Random Forest builds 100 independent decision trees, each trained on a random bootstrap sample of the data with a random subset of features. The final prediction is the average across all trees. This approach was chosen because:

It captures non-linear relationships and feature interactions that Linear Regression misses
Bootstrap aggregation (bagging) reduces variance and overfitting
Provides built-in feature importance scores to understand what drives predictions
Handling Categorical SKU Data: Great for datasets with categorical features like SKUs, product categories, product types, variants, as it can capture complex patterns without needing extensive preprocessing.

Hyperparameters were set to max_depth=10 to prevent overfitting while still capturing complexity, and min_samples_split=5, min_samples_leaf=2 to ensure each leaf has enough data points for reliable predictions.

3. Gradient Boosting

Unlike Random Forest's parallel approach, Gradient Boosting builds trees sequentially each new tree specifically targets the errors left by the previous one. The mistake strategy was chosen for better accuracy on complex datasets. Gradient Boosting can capture subtle patterns and interactions by refining predictions, which was valuable for inventory data.

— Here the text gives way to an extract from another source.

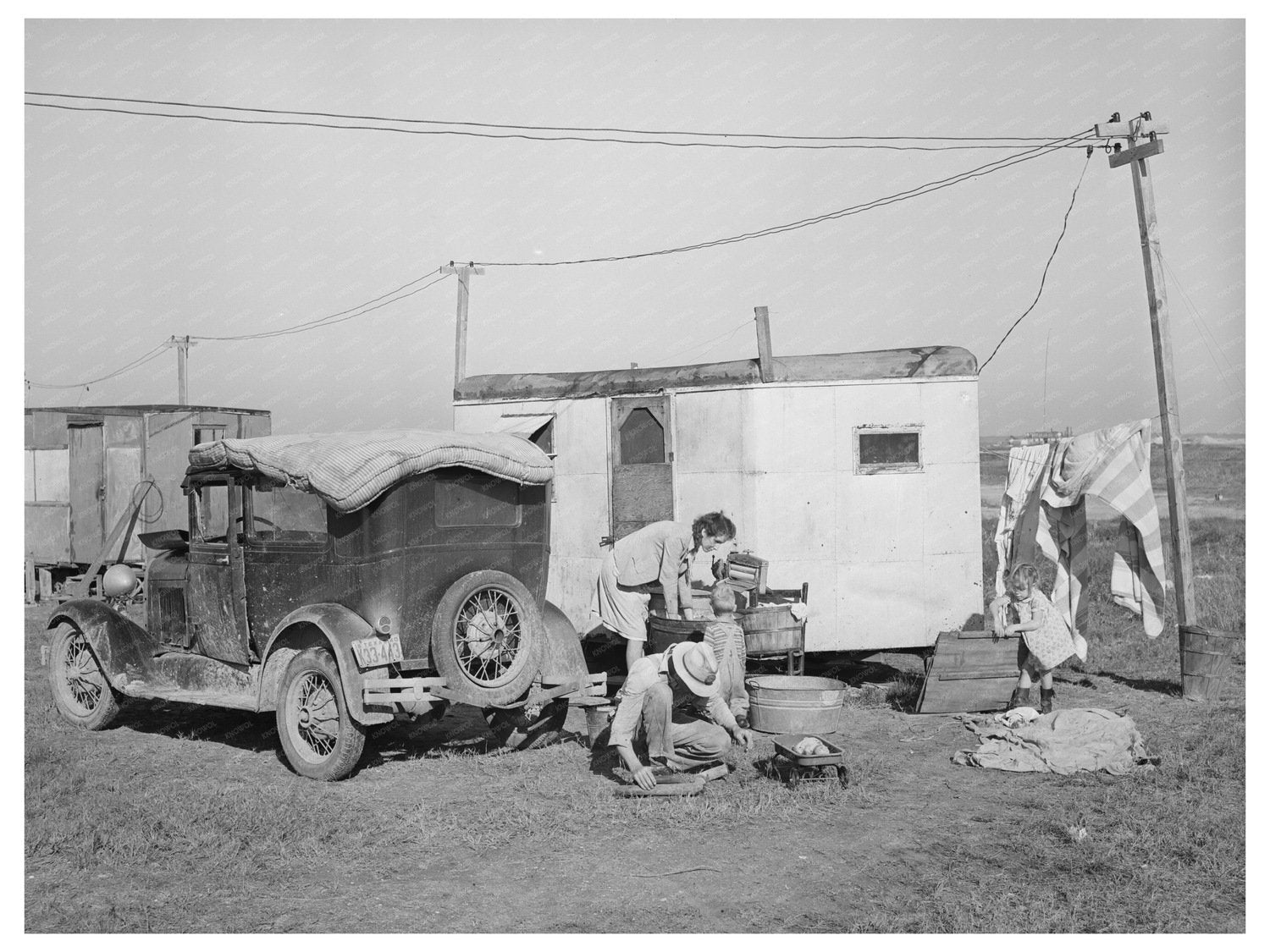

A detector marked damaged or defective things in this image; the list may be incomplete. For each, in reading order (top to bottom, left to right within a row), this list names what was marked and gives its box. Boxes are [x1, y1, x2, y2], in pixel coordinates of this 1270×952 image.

old rusted truck [46, 433, 606, 782]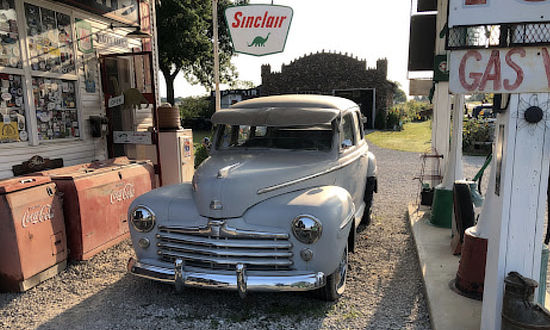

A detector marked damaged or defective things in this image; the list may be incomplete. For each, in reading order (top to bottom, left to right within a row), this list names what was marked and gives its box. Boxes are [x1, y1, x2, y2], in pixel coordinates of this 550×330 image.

Regularization: L1/L2 penalties allows for more efficient models that generalize better to unseen data
The learning rate (0.1) controls how aggressively each tree corrects errors
Shallower trees (max_depth=5) are used since boosting relies on many weak learners

I wanted to compare whether Gradient Boosting or Random Forest better suits inventory data.

Model Selection Strategy

The three models form a deliberate progression: Linear Regression tests if the problem is linearly solvable, Random Forest explores non-linear patterns with built-in regularization, and Gradient Boosting applies iterative refinement. By comparing all three on the same 80/20 train-test split with StandardScaler normalization, we can directly attribute performance differences to the algorithm choices.

Linear Regression

Baseline Model - R² = 0.68

This model captures some linear relationships but misses the complex patterns in the data, which is reflected in its lower performance compared to the other models. However, it provides valuable insights into which features have a direct linear influence on optimal order quantity through its coefficients.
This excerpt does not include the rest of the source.